Pada 3 September, Eygi pergi untuk mengikuti unjuk rasa di kota Beita, Nablus, Tepi Barat, dalam rangka menentang permukiman ilegal Israel yang dibangun di sana.

Gerakan tersebut melaporkan bahwa pada 6 September Eygi sengaja menjadi sasaran dan dibunuh oleh seorang penembak jitu Israel yang berada di atap bangunan terdekat.

Saksi mata melaporkan bahwa Eygi berada jauh dari area unjuk rasa saat dia ditembak oleh penembak jitu.

Dia dibawa ke rumah sakit Palestina tetapi tidak bisa diselamatkan meskipun sudah dilakukan upaya terbaik para dokter.

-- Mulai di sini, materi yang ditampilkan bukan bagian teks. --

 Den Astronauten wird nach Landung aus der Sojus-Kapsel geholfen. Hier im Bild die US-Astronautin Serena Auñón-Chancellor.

Eygi, yang lahir di kota Antalya, Mediterania Turki pada tahun 1998 itu, menempuh pendidikan ganda dalam bidang psikologi dan bahasa serta budaya Timur Tengah di University of Washington, Seattle, Amerika Serikat.

Dia baru saja lulus pada bulan Juni lalu, dan dikenal atas dedikasinya pada kegiatan sosial dan pengabdian masyarakat.

Kepasrahan penuh kepada Allah

Merujuk pada terjemahan Islam pada kalimat "submission to God ("penyerahan diri kepada Tuhan)," Eygi menggambarkan karyanya sebagai "perjalanan dalam kepasrahan penuh kepada Allah," sementara orang-orang terdekatnya mengenangnya sebagai istri, anak, saudara, teman, dan sekutu yang luar biasa, baik bagi mereka yang dikenal maupun yang tidak.

Dalam beberapa tahun terakhir, Eygi aktif terlibat dengan Wasat, sebuah kelompok yang fokus pada kegiatan untuk membantu kaum Muslim di Amerika Serikat.

Setelah kematiannya, sebuah foto dari salah satu kegiatannya pada 2019 banyak dibagikan.

Dalam foto tersebut, Eygi memegang catatan yang bertuliskan: "Wasat bagi saya adalah ummah (komunitas) yang saya butuhkan untuk mendukung perjalanan saya dalam kepasrahan penuh kepada Allah. Sebuah komunitas yang didedikasikan untuk saling mendukung di jalan yang lurus."

Setelah Eygi dibunuh oleh tentara Israel, Wasat merilis pesan belasungkawa yang mengutip ayat dari Al-Qur'an: "Dan janganlah kamu mengatakan tentang orang-orang yang terbunuh di jalan Allah, 'Mereka itu mati.' Sebenarnya, mereka itu hidup, tetapi kamu tidak menyadarinya."

Kelompok tersebut melanjutkan: "Kami ridha dengan ketetapan Allah, namun kami tetap berduka sebagai satu komunitas. Pagi ini kami bangun dengan kabar duka bahwa seorang anggota komunitas tercinta, Aysenur Ezgi Eygi, dibunuh oleh pasukan pendudukan Israel saat memprotes aneksasi ilegal Tepi Barat di Palestina".

"Aysenur adalah anggota yang selalu mengaitkan spiritualitasnya dengan aktivismenya di masyarakat. Dia menjadi sukarelawan di International Solidarity Movement, organisasi yang sama tempat Rachel Corrie (aktivis Amerika) menjadi martir saat memprotes secara damai untuk Palestina pada tahun 2003."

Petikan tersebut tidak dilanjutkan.